• Problem statement
From the entries below, return exactly the lines beginning at the one that contains "Lésions élémentaires (2)" and ending at the one that contains "File:Ameloblastic epithelium 40X.jpg", both of them included, and only those lines.

(Scraped caption text data)
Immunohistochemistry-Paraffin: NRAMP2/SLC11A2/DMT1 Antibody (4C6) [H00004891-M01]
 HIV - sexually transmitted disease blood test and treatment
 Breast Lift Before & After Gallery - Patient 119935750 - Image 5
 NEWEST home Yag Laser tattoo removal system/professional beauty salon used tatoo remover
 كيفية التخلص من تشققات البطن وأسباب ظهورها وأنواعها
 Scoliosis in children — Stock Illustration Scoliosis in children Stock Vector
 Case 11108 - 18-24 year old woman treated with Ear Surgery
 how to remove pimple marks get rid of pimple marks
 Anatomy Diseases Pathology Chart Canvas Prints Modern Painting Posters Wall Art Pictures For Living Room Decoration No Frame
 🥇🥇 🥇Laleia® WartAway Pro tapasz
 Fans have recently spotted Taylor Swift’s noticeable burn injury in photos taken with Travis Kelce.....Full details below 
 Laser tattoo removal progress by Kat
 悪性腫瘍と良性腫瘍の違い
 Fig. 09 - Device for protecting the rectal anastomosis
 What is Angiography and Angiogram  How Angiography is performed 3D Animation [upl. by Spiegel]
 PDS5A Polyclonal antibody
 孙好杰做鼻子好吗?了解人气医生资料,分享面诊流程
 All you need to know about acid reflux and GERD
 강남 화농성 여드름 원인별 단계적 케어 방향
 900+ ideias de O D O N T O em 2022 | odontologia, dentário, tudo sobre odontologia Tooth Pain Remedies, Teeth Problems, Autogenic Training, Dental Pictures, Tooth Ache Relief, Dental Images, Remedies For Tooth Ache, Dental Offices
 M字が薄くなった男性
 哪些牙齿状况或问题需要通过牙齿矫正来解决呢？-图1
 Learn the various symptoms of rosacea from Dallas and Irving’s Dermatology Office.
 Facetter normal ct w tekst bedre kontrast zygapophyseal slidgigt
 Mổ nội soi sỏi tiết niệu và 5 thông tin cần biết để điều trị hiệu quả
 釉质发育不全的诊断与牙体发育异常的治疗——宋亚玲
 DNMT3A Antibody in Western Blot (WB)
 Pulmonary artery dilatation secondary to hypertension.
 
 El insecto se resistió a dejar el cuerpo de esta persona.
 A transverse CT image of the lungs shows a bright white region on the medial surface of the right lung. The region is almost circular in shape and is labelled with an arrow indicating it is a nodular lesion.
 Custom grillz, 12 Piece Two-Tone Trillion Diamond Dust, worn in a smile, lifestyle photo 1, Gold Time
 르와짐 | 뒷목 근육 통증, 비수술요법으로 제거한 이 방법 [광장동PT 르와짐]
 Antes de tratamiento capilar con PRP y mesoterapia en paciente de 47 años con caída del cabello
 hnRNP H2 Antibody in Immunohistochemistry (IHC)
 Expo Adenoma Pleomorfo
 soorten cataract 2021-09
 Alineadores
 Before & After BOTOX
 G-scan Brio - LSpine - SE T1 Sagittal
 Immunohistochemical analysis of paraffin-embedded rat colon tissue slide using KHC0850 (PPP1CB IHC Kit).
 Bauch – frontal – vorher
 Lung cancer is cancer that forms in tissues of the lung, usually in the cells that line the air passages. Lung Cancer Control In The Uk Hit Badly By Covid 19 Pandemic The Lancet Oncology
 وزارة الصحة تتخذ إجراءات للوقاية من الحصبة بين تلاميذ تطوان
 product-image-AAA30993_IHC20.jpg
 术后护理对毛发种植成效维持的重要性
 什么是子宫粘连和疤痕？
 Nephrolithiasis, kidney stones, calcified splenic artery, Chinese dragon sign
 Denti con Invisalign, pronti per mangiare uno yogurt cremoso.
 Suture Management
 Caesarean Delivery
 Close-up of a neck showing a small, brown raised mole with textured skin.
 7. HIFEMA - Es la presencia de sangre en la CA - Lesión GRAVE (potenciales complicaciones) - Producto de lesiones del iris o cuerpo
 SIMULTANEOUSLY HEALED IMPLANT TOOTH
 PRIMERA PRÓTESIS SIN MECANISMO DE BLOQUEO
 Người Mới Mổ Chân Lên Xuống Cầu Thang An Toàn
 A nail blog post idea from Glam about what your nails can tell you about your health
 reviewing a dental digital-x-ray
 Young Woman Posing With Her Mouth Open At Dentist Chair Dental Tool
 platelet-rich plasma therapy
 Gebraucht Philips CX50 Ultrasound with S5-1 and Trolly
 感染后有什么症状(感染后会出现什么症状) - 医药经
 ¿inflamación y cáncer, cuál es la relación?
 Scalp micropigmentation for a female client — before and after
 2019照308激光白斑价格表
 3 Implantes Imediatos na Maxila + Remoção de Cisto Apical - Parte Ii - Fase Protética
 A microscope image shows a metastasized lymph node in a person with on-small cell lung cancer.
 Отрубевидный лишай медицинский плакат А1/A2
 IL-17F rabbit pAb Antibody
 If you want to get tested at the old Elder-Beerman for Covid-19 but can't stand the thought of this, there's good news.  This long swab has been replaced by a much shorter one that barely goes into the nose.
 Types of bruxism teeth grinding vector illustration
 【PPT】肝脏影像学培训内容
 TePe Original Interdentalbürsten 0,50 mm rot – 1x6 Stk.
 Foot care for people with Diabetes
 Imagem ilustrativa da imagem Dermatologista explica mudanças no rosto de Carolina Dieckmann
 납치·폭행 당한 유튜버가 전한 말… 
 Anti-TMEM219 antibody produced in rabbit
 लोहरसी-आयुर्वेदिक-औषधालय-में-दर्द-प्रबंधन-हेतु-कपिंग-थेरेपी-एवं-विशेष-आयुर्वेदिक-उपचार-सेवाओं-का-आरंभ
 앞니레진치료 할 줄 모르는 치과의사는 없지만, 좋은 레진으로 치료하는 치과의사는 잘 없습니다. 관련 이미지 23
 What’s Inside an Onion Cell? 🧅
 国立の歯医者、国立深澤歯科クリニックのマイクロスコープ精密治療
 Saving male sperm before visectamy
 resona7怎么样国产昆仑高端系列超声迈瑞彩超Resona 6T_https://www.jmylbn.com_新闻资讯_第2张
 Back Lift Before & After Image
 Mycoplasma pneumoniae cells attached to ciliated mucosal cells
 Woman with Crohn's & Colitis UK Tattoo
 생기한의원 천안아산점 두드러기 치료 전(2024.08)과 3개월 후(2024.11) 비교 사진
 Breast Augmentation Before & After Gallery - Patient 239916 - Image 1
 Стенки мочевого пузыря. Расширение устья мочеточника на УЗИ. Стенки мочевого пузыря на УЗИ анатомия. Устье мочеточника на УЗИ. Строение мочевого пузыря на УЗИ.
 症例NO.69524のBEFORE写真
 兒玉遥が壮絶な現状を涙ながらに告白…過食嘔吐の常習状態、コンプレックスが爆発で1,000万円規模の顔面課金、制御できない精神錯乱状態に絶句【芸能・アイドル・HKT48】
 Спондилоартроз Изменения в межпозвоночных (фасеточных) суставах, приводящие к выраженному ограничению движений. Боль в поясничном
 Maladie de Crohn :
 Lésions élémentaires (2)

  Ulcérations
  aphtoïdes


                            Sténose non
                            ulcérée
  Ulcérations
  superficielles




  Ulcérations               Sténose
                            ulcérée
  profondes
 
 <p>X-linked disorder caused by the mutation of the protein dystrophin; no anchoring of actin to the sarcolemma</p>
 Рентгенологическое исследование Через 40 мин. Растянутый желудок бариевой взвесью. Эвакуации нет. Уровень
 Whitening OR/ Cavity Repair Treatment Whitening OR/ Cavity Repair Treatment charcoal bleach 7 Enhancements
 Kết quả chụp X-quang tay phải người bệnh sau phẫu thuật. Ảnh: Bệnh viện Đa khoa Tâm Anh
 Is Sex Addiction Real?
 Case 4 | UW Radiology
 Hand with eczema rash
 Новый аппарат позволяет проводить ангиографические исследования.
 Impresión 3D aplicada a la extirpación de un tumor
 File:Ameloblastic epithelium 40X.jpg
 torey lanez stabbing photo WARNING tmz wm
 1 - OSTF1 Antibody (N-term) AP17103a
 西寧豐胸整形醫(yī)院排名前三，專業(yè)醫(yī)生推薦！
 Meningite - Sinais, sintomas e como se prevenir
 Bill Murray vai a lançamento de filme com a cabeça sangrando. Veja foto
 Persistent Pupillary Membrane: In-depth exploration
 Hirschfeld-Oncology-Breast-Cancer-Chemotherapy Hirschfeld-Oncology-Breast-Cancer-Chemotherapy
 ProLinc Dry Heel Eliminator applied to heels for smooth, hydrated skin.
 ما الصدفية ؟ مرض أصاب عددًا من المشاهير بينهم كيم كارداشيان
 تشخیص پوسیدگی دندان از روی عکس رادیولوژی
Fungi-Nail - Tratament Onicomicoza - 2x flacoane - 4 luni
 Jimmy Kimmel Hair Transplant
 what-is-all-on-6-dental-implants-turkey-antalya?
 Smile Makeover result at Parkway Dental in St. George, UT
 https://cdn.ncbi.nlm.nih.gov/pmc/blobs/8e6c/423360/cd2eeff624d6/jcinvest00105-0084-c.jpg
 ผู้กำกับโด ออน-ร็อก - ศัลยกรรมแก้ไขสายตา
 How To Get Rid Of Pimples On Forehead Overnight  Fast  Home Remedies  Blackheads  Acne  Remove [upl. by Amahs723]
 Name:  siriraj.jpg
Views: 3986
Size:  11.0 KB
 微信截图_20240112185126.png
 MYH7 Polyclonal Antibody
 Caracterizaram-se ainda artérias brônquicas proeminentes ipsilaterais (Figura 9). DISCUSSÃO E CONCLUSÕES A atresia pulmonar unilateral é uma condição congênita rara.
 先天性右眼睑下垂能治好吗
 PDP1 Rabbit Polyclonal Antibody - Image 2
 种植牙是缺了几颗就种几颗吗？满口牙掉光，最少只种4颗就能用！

• Solution
 Lésions élémentaires (2)

  Ulcérations
  aphtoïdes


                            Sténose non
                            ulcérée
  Ulcérations
  superficielles




  Ulcérations               Sténose
                            ulcérée
  profondes
 
 <p>X-linked disorder caused by the mutation of the protein dystrophin; no anchoring of actin to the sarcolemma</p>
 Рентгенологическое исследование Через 40 мин. Растянутый желудок бариевой взвесью. Эвакуации нет. Уровень
 Whitening OR/ Cavity Repair Treatment Whitening OR/ Cavity Repair Treatment charcoal bleach 7 Enhancements
 Kết quả chụp X-quang tay phải người bệnh sau phẫu thuật. Ảnh: Bệnh viện Đa khoa Tâm Anh
 Is Sex Addiction Real?
 Case 4 | UW Radiology
 Hand with eczema rash
 Новый аппарат позволяет проводить ангиографические исследования.
 Impresión 3D aplicada a la extirpación de un tumor
 File:Ameloblastic epithelium 40X.jpg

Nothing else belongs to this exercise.